Figure 6 is a flow diagram of the control unit process for handling a NOP instruction in accordance with an embodiment of the invention. As previously indicated, the process of Figure 6 may be similarly applied to instructions other than NOP instructions. In step 600 of Figure 6, a determination is made of whether the current instruction is a NOP instruction ( or other instruction used to implement "abandon register" operands). If the instruction is not a NOP instruction, no NOP handling is performed for that instruction. However, if the instruction is a NOP instruction, in step 601, the control unit determines which registers are specified by the operands of the instruction, e.g., by decoding the respective operands to generate register select signals. In step 602, the dirty bits of the designated register(s) are reset by the control unit asserting reset signals to those dirty bits. The NOP-related steps are completed after step 602.

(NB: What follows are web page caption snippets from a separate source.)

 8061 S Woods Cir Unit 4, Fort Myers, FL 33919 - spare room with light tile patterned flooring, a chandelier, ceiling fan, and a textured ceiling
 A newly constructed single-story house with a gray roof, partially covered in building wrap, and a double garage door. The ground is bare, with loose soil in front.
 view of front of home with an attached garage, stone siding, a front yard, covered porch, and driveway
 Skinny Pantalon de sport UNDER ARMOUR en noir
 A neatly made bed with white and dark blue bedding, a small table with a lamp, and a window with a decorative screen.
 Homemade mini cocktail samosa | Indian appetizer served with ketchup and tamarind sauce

The NOP instruction occurs after the program instruction that specifies the source register that is no longer needed. The closer the NOP instruction is placed to the program instruction that specifies the unneeded source register, the less likely it is that a context switch will occur before the source register is removed from the process context.

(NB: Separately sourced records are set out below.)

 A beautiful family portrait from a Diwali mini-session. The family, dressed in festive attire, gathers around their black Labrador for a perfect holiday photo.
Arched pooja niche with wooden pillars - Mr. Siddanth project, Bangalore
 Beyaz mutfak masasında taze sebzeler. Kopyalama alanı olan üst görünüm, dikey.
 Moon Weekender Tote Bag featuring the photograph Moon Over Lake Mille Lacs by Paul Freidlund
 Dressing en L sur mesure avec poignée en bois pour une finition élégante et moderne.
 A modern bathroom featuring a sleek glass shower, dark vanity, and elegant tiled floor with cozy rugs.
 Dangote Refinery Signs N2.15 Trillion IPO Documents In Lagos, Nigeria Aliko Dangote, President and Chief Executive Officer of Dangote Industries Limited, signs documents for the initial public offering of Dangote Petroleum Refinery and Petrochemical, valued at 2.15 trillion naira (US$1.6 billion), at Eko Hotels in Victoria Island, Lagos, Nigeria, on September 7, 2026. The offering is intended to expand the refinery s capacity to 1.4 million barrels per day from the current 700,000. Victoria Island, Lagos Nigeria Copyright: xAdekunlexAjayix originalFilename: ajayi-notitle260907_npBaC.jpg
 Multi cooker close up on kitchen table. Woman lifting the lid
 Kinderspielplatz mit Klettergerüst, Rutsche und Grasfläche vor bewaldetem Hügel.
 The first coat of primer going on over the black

Figure 7 is an example code fragment (in pseudo-assembly code) illustrating the placement of NOP instructions in accordance with an embodiment of the invention. Fragment 700 represents unaltered program code, fragment 701 represents altered code (i.e., with NOP instructions inserted), and fragment 702 represents the altered code after optimization (i.e., NOP instructions combined). In the current example, the individual instructions of fragment 700 are intended to perform the following operations:
1) "Load" register 3 with the contents of memory at the address stored in register 1;
2) "Load" register 4 with the contents of memory at the address stored in register 1 incremented by one;
3) "Add" the contents of registers 3 and 4, and place the result in register 4; and
4) "Store" the contents of register 4 into the memory at the address stored in register 1 incremented by two.  In this example, the contents of register 3 are no longer needed after the add operation of step 3. Also, register 1 is no longer needed after its contents have been used to address memory in step 4. To remove the unneeded registers from the process context, as shown in fragment 701, NOP instructions are inserted after the "add" and "store" instructions. The NOP instructions specify address operands of register 3 and register 1, respectively. In a more optimizing compiler, the NOP instructions may be combined into a single NOP instruction after the "store" instruction. As shown in fragment 702, the combined NOP instruction specifies both register addresses and handles the resetting of the dirty bits for registers 3 and 1 simultaneously.

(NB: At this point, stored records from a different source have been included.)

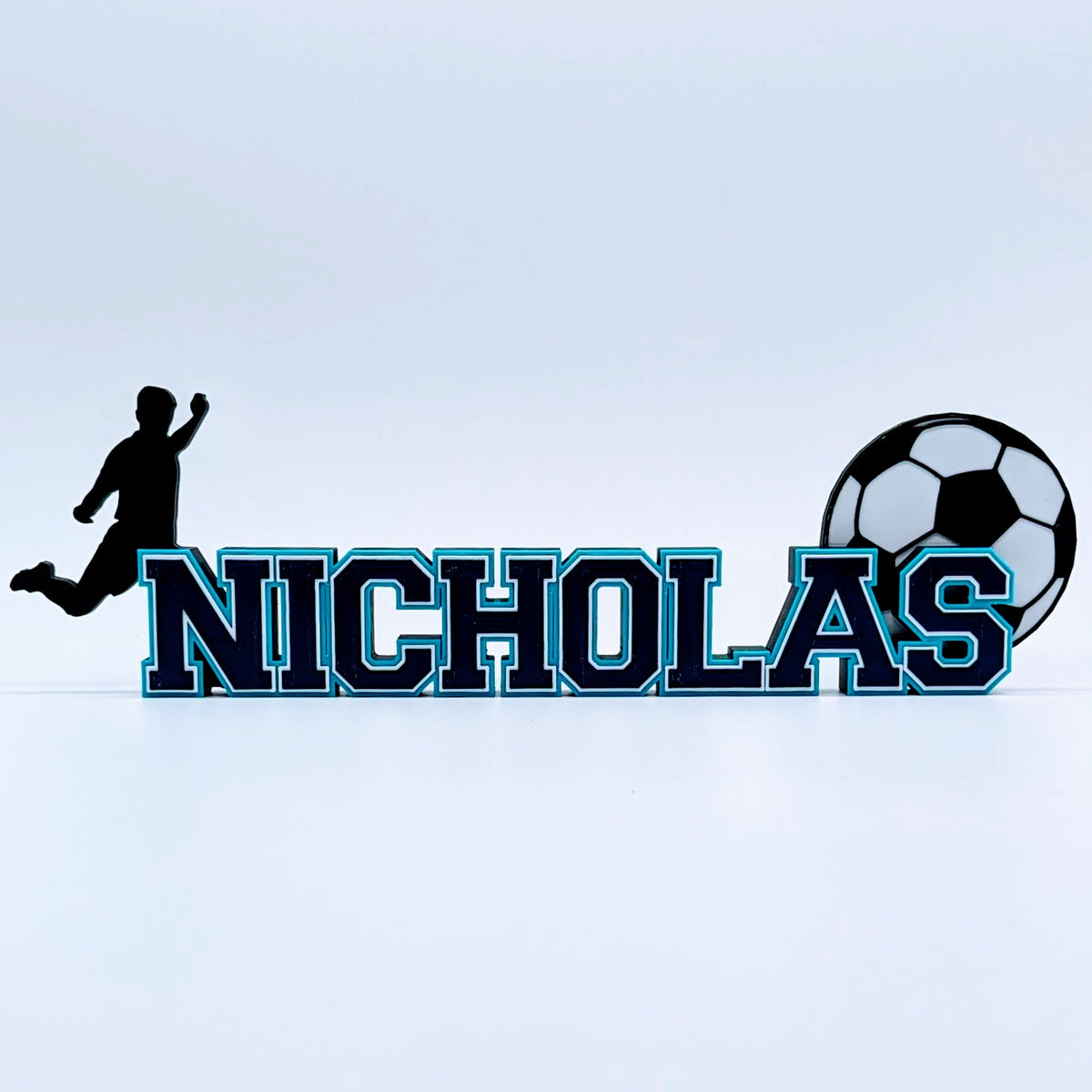 Long soccer name sign "NICHOLAS" in navy and light blue with soccer ball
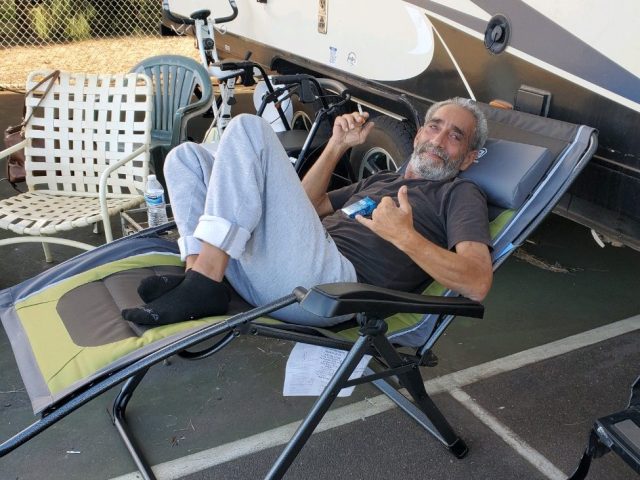 Coleman lies on the chair on which he would later pass.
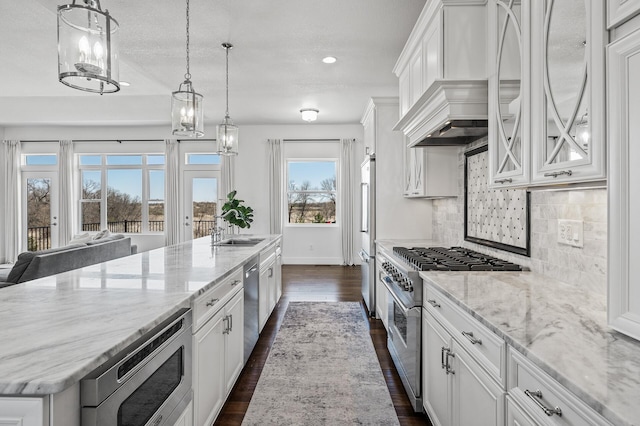 kitchen featuring high end appliances, a spacious island, custom range hood, dark wood finished floors, and backsplash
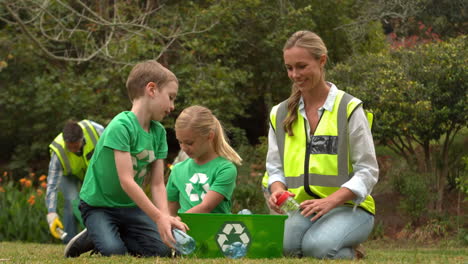 happy family collecting rubbish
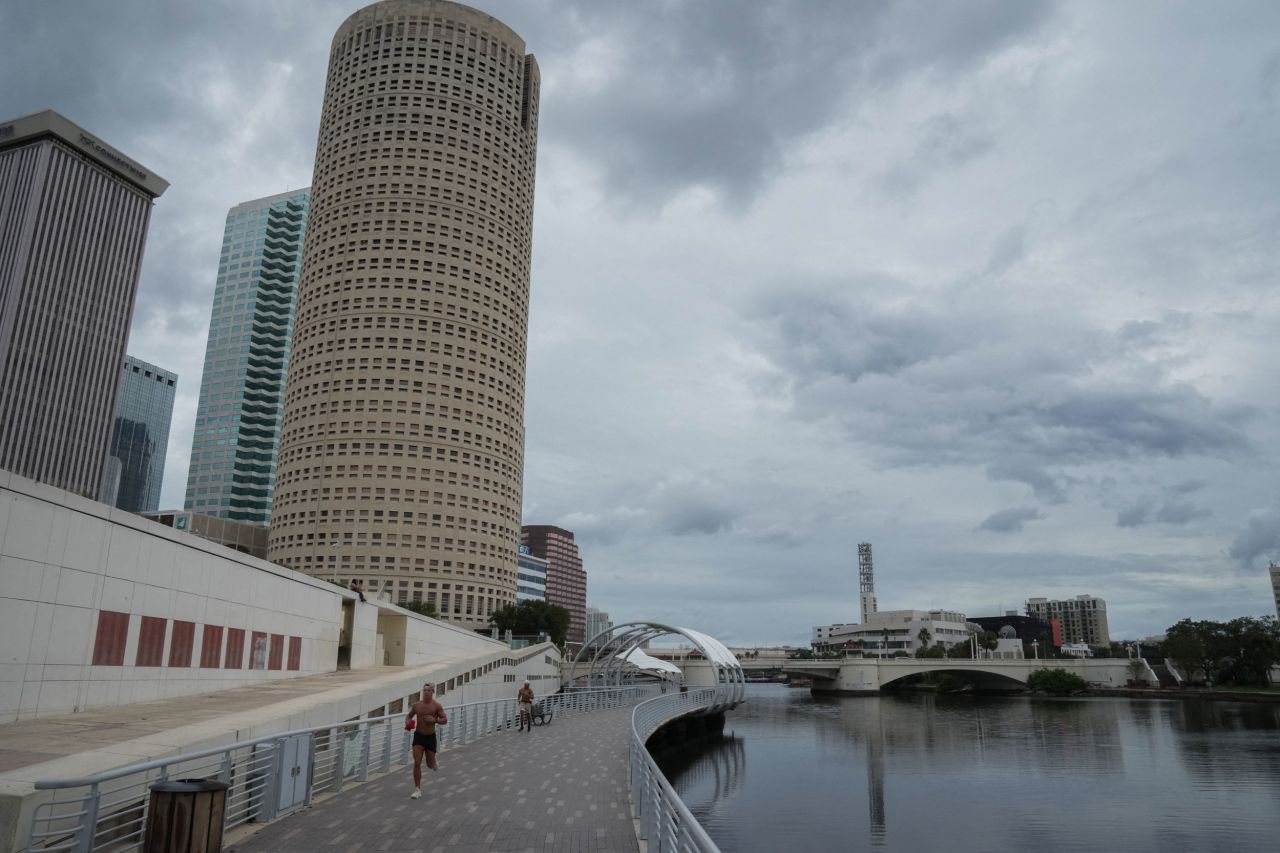 A man jogs on the Tampa Riverwalk in Florida on Tuesday.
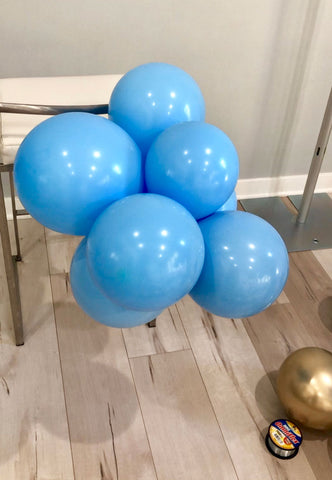 A stack of multiple light blue balloons tied together and tied to the post of a chair.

In a more conservative embodiment, the compiler may utilize only those NOP instructions already present in the code, e.g., to align code, balance instruction issue timing, etc. Registers are specified for abandonment based on the availability of NOP instructions in the code. Because there may be insufficient NOP instructions to account for every register that is a candidate for abandonment, and because NOP instructions may not be immediately available in the instruction stream, it is possible that some candidate registers will be included in a context switch. Thus, the conservative approach is less efficient at reducing context switch times than an embodiment that adds further NOP instructions. However, by foregoing the addition of NOP instructions into the instruction stream, code density is preserved. The number of required instruction fetches is reduced, saving fetch time and processor cycles, as well as space in the instruction cache (if implemented) and main memory.
Figure 8 is a flow diagram of a compiler process for setting fields in NOP instructions to abandon unneeded registers (or other instructions with available fields for such a purpose) in accordance with an embodiment of the invention. The steps described herein may be incorporated into any compiler process.
In step 800 of Figure 8, the compiler determines whether the current instruction under consideration has source registers. If no source registers are specified, the process is complete for the current instruction. If source registers are specified, the compiler determines in step 801 whether the contents of the specified source register(s) will be needed after the instruction is executed. If the contents of the source register(s) will be needed, no registers are to be abandoned and the process is complete. However, if, in step 801, the contents of one or more source registers will not be needed, then, in step 802, the compiler determines whether any NOP instructions are available for specifying abandoned registers. If, in step 802, a NOP instruction is available, the process continues at step 804, in which the unneeded source registers are identified in operands of the NOP instruction, completing the process for the current instruction. If, in step 802, no NOP instruction is available, the compiler may either append a NOP instruction to the code in step 803 and continue to step 804 (option A), or the process can complete for the current instruction (option B).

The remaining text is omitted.